Joyce famously remarked that if Dublin were razed to the ground Ulysses could be used as a blueprint for rebuilding it, so the emphasis that McCourt wishes to give Trieste may at first seem strange. “I’ve been described by the Irish Times as a ‘Maverick’. But I’m clear to point out that Ireland was Joyce’s primary source. Nobody could challenge that. What I’m pointing out is that Joyce was a little like a vacuum cleaner who sucked up whatever he needed, to write, wherever he was. Trieste was obviously a place where he felt he could write, where he felt he could gather material for his writing”.

And what in particular were the influences and material that he picked up, and for example how is it manifested? “The influence of Trieste is there on all levels. To take one example, the influence of the Jewish culture of Trieste, which is fundamental. Leopold and Molly Bloom owe more to Trieste possibly even than they do to Dublin. They’re both middle-European characters if you like. Leopold has this Hungarian background which corresponds very much to the background of many of the Triestine Jews that Joyce was meeting, and it doesn’t correspond to the type of Jewish background that was typical in Dublin at that time. Joyce is more faithful to what his Triestine friends were telling him, rather than what was going on in Dublin. Also, Trieste, a Mediterranean port, the only one that Joyce knew, becomes a surrogate for Gibraltar for Molly Bloom and her recollections, which she remembers in her monologue. “The Greeks and the Jews and the Arabs and the devil knows whoelse from all the ends of Europe”[Editor’s note Ulysses Molly Bloom’s soliloquy]. She’s talking about Gibraltar, but it could well have been Trieste – the Trieste that Joyce lived in. A cosmopolitan city with people from all over Europe living there. Joyce creates a very European Dublin from Trieste, far more European than Dublin probably was at that time. A far more European Dublin than for example, the dirty, provincial, city of Dubliners.”

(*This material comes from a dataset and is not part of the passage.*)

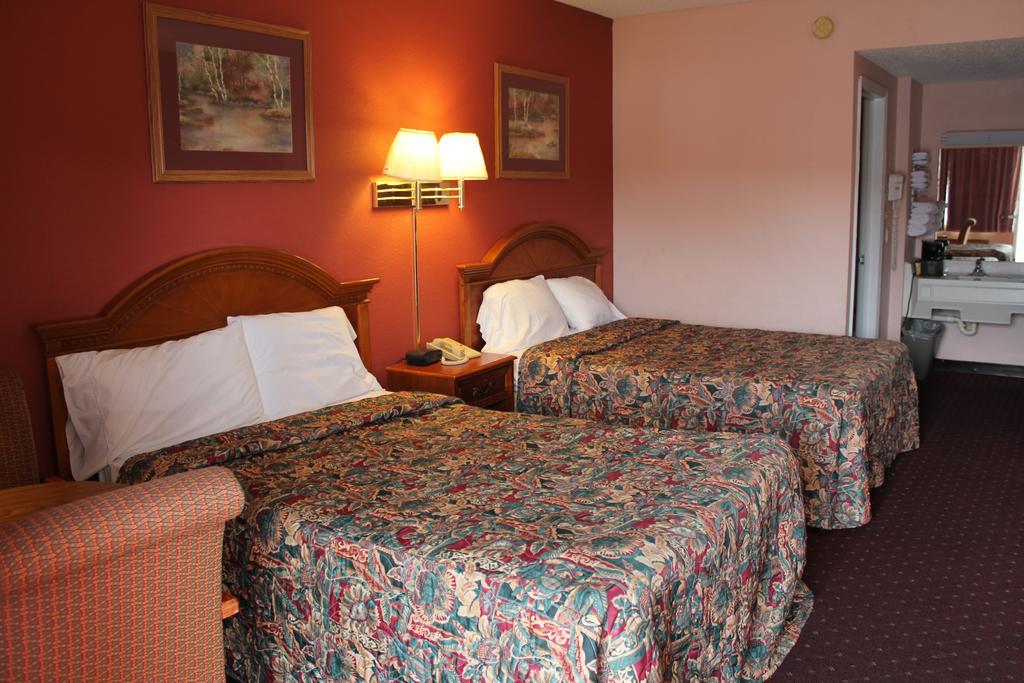 Andrew Johnson Inn Greeneville Room photo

How did McCourt come to study and work on Joyce? He was educated at Belvedere College (one of Joyce’s schools) and arrived in Trieste, a deliberate following in Joyce’s footsteps? “(Laughs) Well, I had the good fortune to meet my wife, while I was attending the James Joyce Summer School in U.C.D, and it was for her that I moved to Trieste, not for James Joyce, and that’s important to underline! My first approach to Joyce was in school, in religion class in fact. We did a small course on Joyce and Thomas Merton, two men struggling with problems of faith. Joyce in Portrait of the Artist as a young man, Merton in The Seven Storey Mountain, and that was the first time that I read Joyce at all – it was an important beginning. After moving to Trieste it was a couple of years before I returned to Joyce, and the idea came to me for the book. After living here a couple of years, I began to realise that he couldn’t have lived here for all those years and not have been influenced by the place”.